# 18.7: Surface Tension

Surface tension is a measure of the surface free energy of liquids, i.e., the extent of energy stored at the surface of liquids. Although it is also known as interfacial force or interfacial tension, the name surface tension is usually used in systems where the liquid is in contact with gas.

Qualitatively, it is described as the force acting on the surface of a liquid that tends to minimize the area of its surface, resulting in liquids forming droplets with spherical shape, for instance. Quantitatively, since its dimension is of force over length (lbf/ft in English units), it is expressed as the force (in lbf) required to break a film of 1 ft of length.
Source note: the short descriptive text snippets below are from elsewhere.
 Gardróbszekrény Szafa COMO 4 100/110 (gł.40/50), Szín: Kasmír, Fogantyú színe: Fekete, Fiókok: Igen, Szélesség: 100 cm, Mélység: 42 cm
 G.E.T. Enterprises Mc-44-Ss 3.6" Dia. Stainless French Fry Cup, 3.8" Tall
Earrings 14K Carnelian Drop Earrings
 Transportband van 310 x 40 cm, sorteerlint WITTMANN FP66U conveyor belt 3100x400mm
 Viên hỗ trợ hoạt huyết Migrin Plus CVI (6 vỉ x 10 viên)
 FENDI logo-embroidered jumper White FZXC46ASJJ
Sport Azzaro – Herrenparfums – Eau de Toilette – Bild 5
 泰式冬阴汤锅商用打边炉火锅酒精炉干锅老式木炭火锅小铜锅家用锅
Equivalently, it may be restated as being the amount of surface energy (in lbf-ft) per square feet.

Katz et al. (1959) presented the Macleod-Sudgen equation for surface tension ($$\sigma$$) calculations in dynes/cm for hydrocarbon mixtures:

$\sigma^{1 / 4}=\sum_{i=1}^{n} \operatorname{Pch}_{i}\left[\frac{\rho_{i}}{62.4\left(M W_{l}\right)} x_{i}-\frac{\rho_{g}}{62.4\left(M W_{g}\right)} y_{i}\right] \label{18.20}$

where:

• $$Pch_i$$ is the Parachor of component “i”,
• $$x_i$$ is the mole fraction of component “i” in the liquid phase,
• $$y_i$$ is the mole fraction of component “i” in the gas phase.

In order to express surface tension in field units (lbf/ft), multiply the surface tension in (dynes/cm) by $$6.852177 \times 10^{-3}$$. The parachor is a temperature independent parameter that is calculated experimentally. Parachors for pure substances have been presented by Weinaug and Katz (1943) and are listed in Table 18.1.
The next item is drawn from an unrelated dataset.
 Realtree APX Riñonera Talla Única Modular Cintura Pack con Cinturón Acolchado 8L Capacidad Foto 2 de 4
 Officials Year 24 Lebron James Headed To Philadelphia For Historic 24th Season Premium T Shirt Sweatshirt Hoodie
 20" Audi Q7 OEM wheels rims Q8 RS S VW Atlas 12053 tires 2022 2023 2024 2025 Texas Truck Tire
Table 18.1: Parachors for pure substances (Weinaug and Katz, 1943)
Component Parachor

CO2

78.0

N2

41.0

C1

77.0

C2

108.0

C3

150.3

iC4

181.5

nC4

189.9

iC5

225.0

nC5

231.5

nC6

271.0

nC7

312.5

nC8

351.5

Weinaug and Katz (1943) also presented the following empirical relationship for the parachor of hydrocarbons in terms of their molecular weight:

$P c h_{i}=-4.6148734+2.558855 M W_{i}+3.404065 \cdot 10^{-4} M W_{i}^{2}+\frac{3.767396 \cdot 10^{3}}{M W_{i}} \label{18.21}$

• This correlation may be used for pseudo-components or for those hydrocarbons not shown in Table 18.1.